# Assignment
Write the data out again, character for character, with no images.

# Supplied material
━━━━━━━━━━━━━━━━━━━━

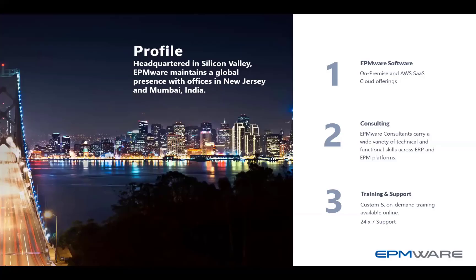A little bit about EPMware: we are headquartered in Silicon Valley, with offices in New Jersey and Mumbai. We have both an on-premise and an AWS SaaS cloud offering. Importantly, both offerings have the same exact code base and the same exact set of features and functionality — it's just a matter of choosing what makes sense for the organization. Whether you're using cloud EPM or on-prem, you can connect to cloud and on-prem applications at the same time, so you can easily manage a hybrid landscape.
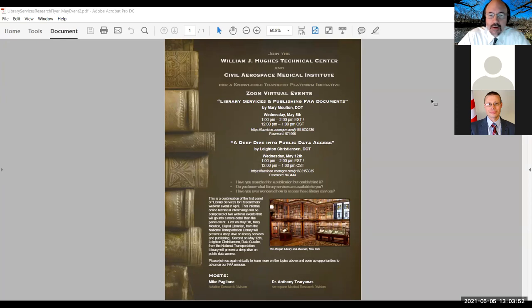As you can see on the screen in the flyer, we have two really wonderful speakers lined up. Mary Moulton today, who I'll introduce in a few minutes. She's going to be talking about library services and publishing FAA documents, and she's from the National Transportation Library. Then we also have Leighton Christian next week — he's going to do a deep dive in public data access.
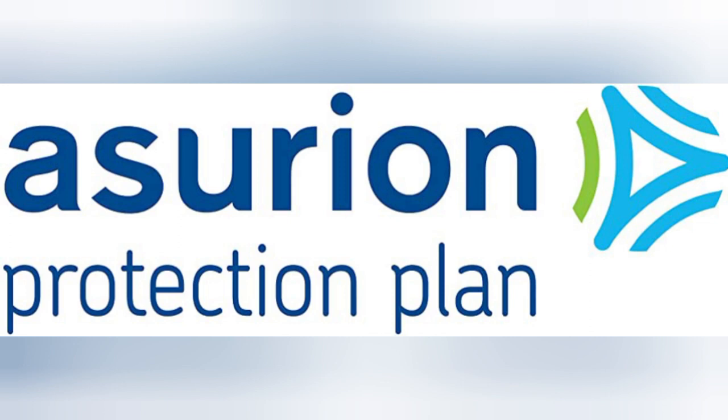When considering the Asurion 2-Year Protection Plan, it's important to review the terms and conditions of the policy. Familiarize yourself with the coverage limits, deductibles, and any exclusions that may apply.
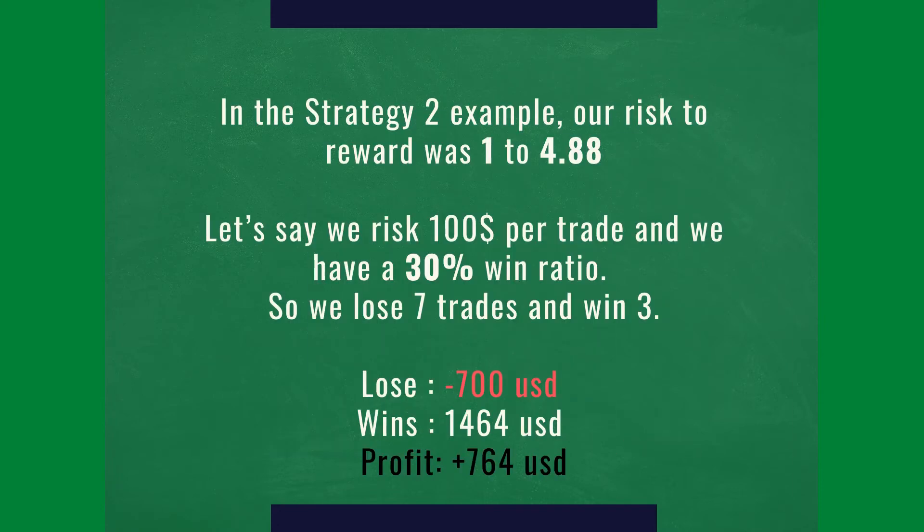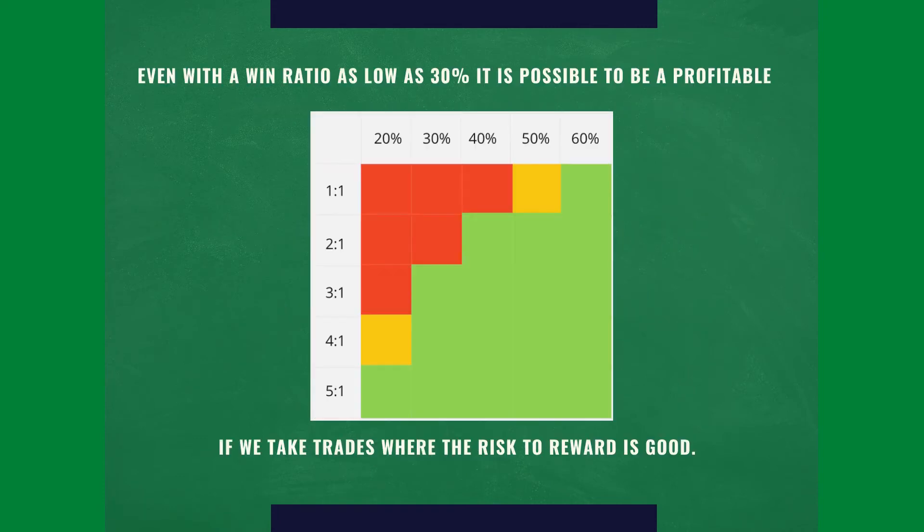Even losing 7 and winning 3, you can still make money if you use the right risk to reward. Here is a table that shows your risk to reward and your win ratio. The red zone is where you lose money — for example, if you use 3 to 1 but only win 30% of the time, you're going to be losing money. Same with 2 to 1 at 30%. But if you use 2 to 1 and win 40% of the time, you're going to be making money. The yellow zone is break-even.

━━━━━━━━━━━━━━━━━━━━

# Task output
A little bit about EPMware: we are headquartered in Silicon Valley, with offices in New Jersey and Mumbai. We have both an on-premise and an AWS SaaS cloud offering. Importantly, both offerings have the same exact code base and the same exact set of features and functionality — it's just a matter of choosing what makes sense for the organization. Whether you're using cloud EPM or on-prem, you can connect to cloud and on-prem applications at the same time, so you can easily manage a hybrid landscape.
As you can see on the screen in the flyer, we have two really wonderful speakers lined up. Mary Moulton today, who I'll introduce in a few minutes. She's going to be talking about library services and publishing FAA documents, and she's from the National Transportation Library. Then we also have Leighton Christian next week — he's going to do a deep dive in public data access.
When considering the Asurion 2-Year Protection Plan, it's important to review the terms and conditions of the policy. Familiarize yourself with the coverage limits, deductibles, and any exclusions that may apply.
Even losing 7 and winning 3, you can still make money if you use the right risk to reward. Here is a table that shows your risk to reward and your win ratio. The red zone is where you lose money — for example, if you use 3 to 1 but only win 30% of the time, you're going to be losing money. Same with 2 to 1 at 30%. But if you use 2 to 1 and win 40% of the time, you're going to be making money. The yellow zone is break-even.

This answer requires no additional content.